Runner model

Hosted runner security model

fremforge hosted runners execute customer Forgejo Actions workflows on single-use T Cloud Public ECS virtual machines in the EU-DE region. Every queued job provisions a fresh VM with embedded Docker; the runner registers ephemerally with Forgejo, picks up exactly one task, runs it, and the VM is destroyed. There is no persistent runner pool that a previous customer’s code could leave residue in.

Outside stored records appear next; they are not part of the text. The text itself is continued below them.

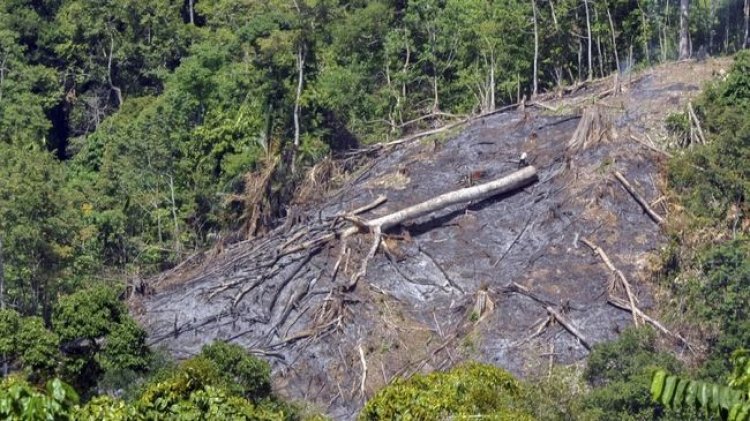 Masyarakat Mentawai Gelar Aksi Seminggu, Teriak Hutan Dirampas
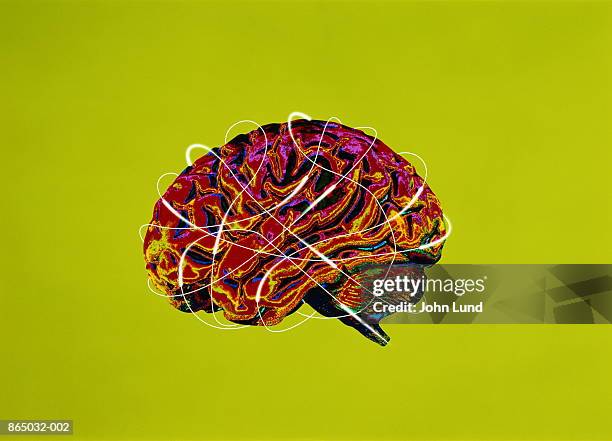 human brain, side view (digital composite) - digital composite ストックフォトと画像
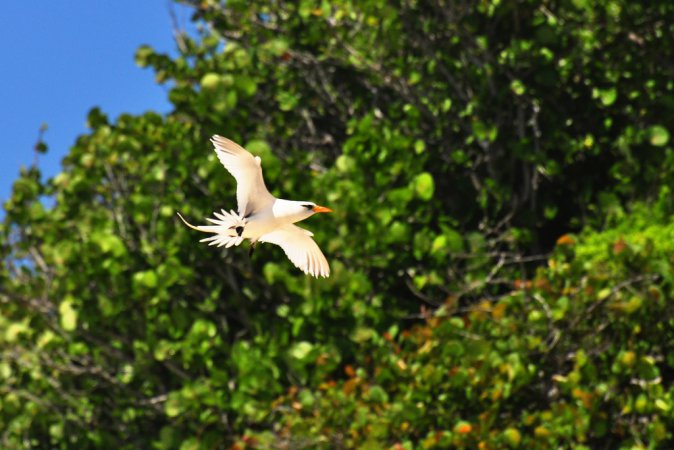Photo (11): White-tailed Tropicbird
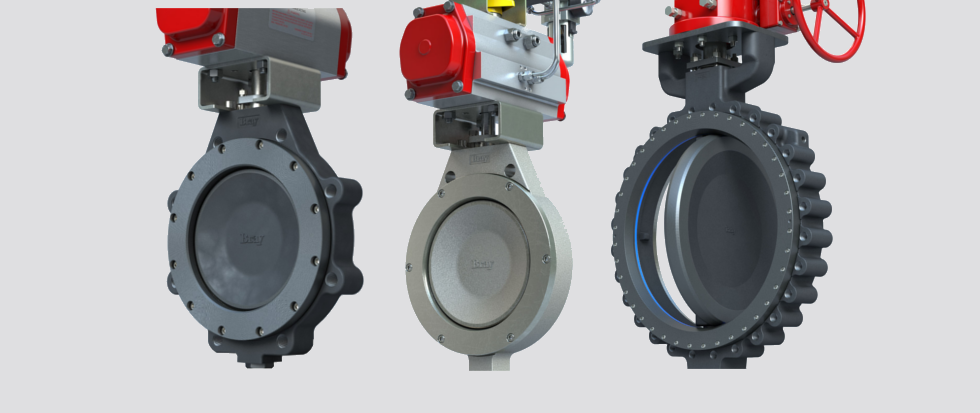 High Performance Butterfly Valve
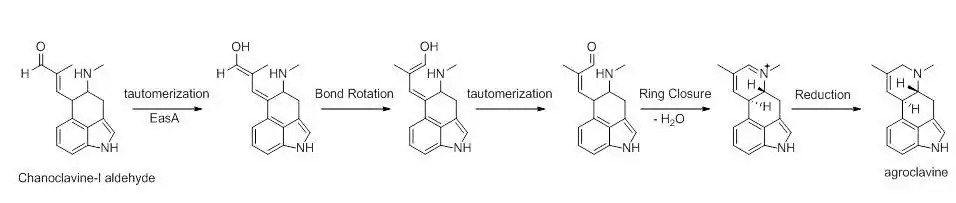 Fig3-detail look at mechanism in biosynthesis of ergocryptine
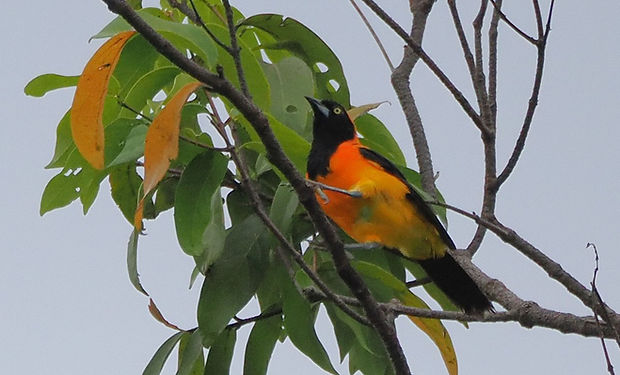 Orange-backed Troupial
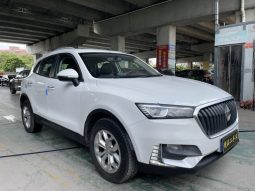 2019 Baojun BX5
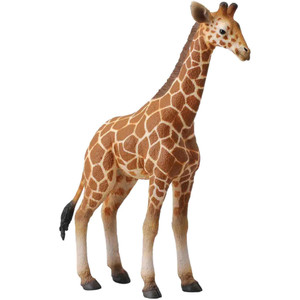 Reticulated Giraffe Calf Reticulated Giraffe Calf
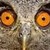:iconallergic-2-sek:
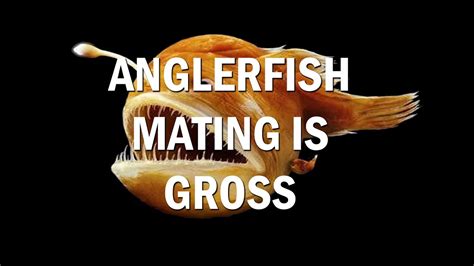 Angler Fish Mating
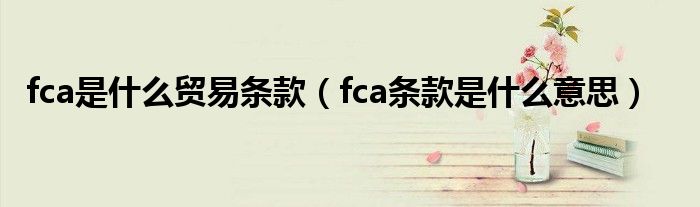 fca是什么貿(mào)易條款（fca條款是什么意思）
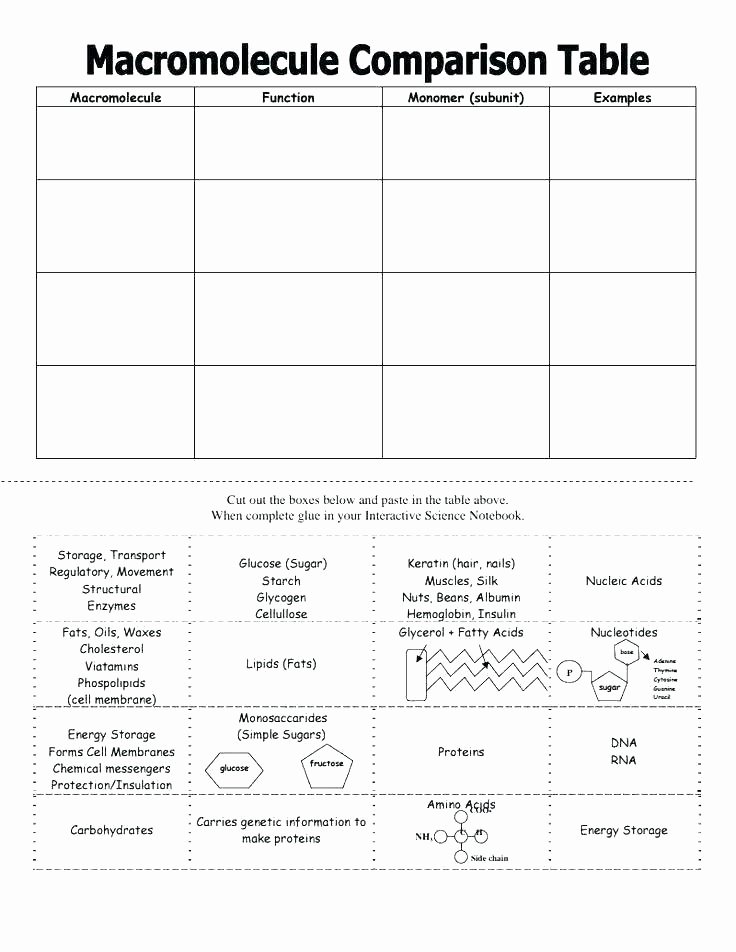 Grammar Worksheets Parallelism Answers Best Of forensic Science Worksheets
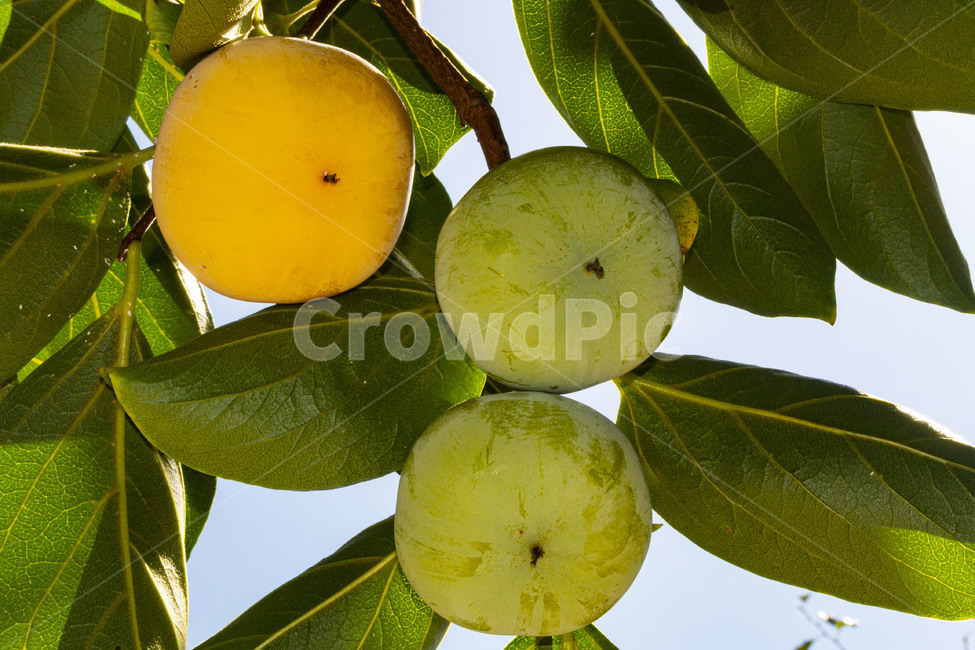 감,감나무,감잎,persimmon,persimmontree,과일,식물,fruit,가을,계절,fall,autumn,season,과일,열매,fruit,plant,orange,주황색,food,음식,citrus fruit,감귤류 과일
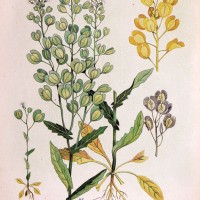 pennycress-drawing1
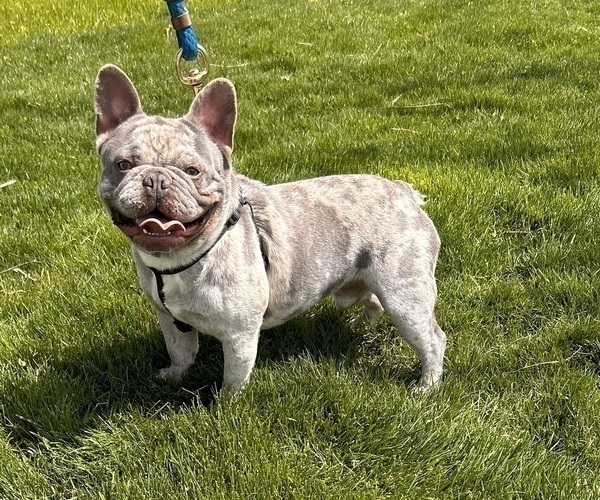 Medium Photo #1 French Bulldog Puppy For Sale in MIDDLEBURY, IN, USA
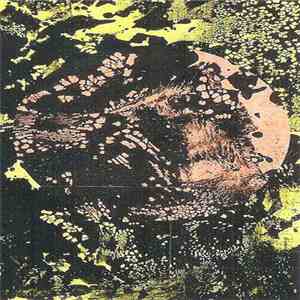 Endless Time - Removal FLAC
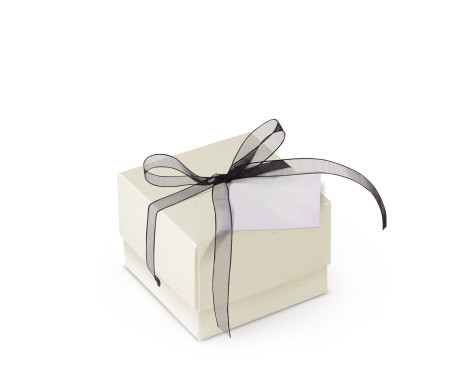 Graziosa Scatola Regalo con Coperchio e Fiocco Decorativo 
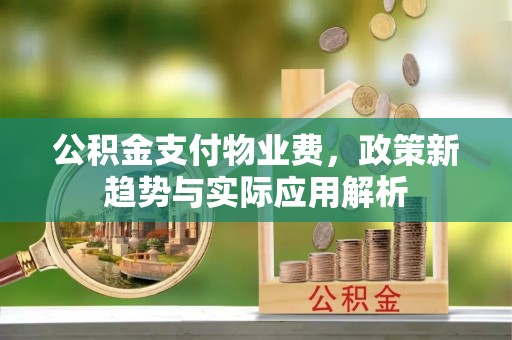 魏都公积金支付物业费，政策新趋势与实际应用解析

This page documents the isolation guarantees fremforge makes, the per-tenant limits that apply, and the threat model: what customer code can do, what it can’t, and the design choices a workflow author should make to keep their secrets safe.

Where workflows run

Component	Implementation
Compute	T Cloud Public ECS (Elastic Cloud Server) virtual machines, region eu-de, three availability zones
Per-job lifecycle	Single-use VM per job — the platform spawns a fresh ECS VM when a job is queued, registers `forgejo-runner` on it with a one-job limit, and destroys the VM when the runner exits. A small warm-VM buffer hides the ~25 s ECS boot. No two jobs share a kernel — same model as GitHub-hosted and GitLab-hosted runners. Customer workflows never share a VM with platform workloads OR with other jobs (same tenant or otherwise).
Network placement	Each VM gets its own ENI in a dedicated runner subnet, with a per-VM Security Group enforcing egress. VMs sit in a dedicated VPC subnet split across three availability zones
VM runtime	One VM per queued job; the platform provisions the VM when the job is queued, then destroys it when the job completes. Per-job wall-clock cap (60 min default, 360 min hard ceiling) is enforced on the runner
Reaper backstop	A separate, out-of-band reaper deletes orphan VMs — runner never registered, runner exited but the delete was missed, VM age beyond its reap deadline, or an absolute 6h10m backstop.
Runner binary	Upstream `forgejo-runner` (`act_runner`) v12.10.2, no fork. Registers ephemerally with `--ephemeral`, picks one task, then the runner process exits and the platform destroys the VM
VM image	The hosted runner image — debian 13 (trixie) base, baked with toolchains from EU-cached binaries (no direct upstream pulls during boot). Image is the VM’s boot disk; Docker daemon is pre-installed and runs natively on the VM (no separate sidecar). Cold start is ~25 s, ~5 s when a warm-pool VM is already provisioned

Isolation guarantees

Network isolation (per VM)

Every runner VM gets its own ENI bound to a per-VM Security Group. The SG denies, by default, all traffic except:

DNS (53/UDP, 53/TCP) to the platform’s internal DNS resolver
Egress through the runner egress proxy — the only outbound HTTP path

Customer code cannot reach:

The fremforge api or its private database
Forgejo’s internal endpoint (runner VMs talk to Forgejo through the public Bunny-fronted apex with a runner-specific scope; the internal endpoint is unreachable)
T Cloud Public platform services (RDS, DCS, OBS, SFS-Turbo, IAM, KMS)
Other tenants’ runner VMs
The cluster’s metadata IP (169.254.169.254) — explicitly blocked at the SSRF guard
RFC1918 private ranges or loopback

The Security Group is applied at VM provisioning and cannot be modified from inside the VM — the VM has no IAM agency attached, so the network-config APIs are unreachable through the metadata-derived identity.

Outbound egress

Customer workflow steps that need the public internet (cloning a public repo, downloading a tool, calling a SaaS API) route through the runner egress proxy via HTTPS_PROXY injected into the VM. This proxy:

Accepts any public unicast IP including Carrier-Grade NAT (matches GitHub-hosted runner behaviour — needed for T Cloud Public’s own services like SWR which sit in CGNAT)
Blocks RFC1918 private, link-local, loopback, multicast, reserved, and explicit cloud-metadata IPs (169.254.169.254, T Cloud Public’s 100.100.100.200)
Logs every CONNECT tunnel attempt with hostname + resolved IP for audit retention

The proxy is deliberately permissive in the GitHub-hosted-runner sense: customer workflows can reach any public host they need. The boundary is at SSRF + internal-platform, not at vendor allowlists.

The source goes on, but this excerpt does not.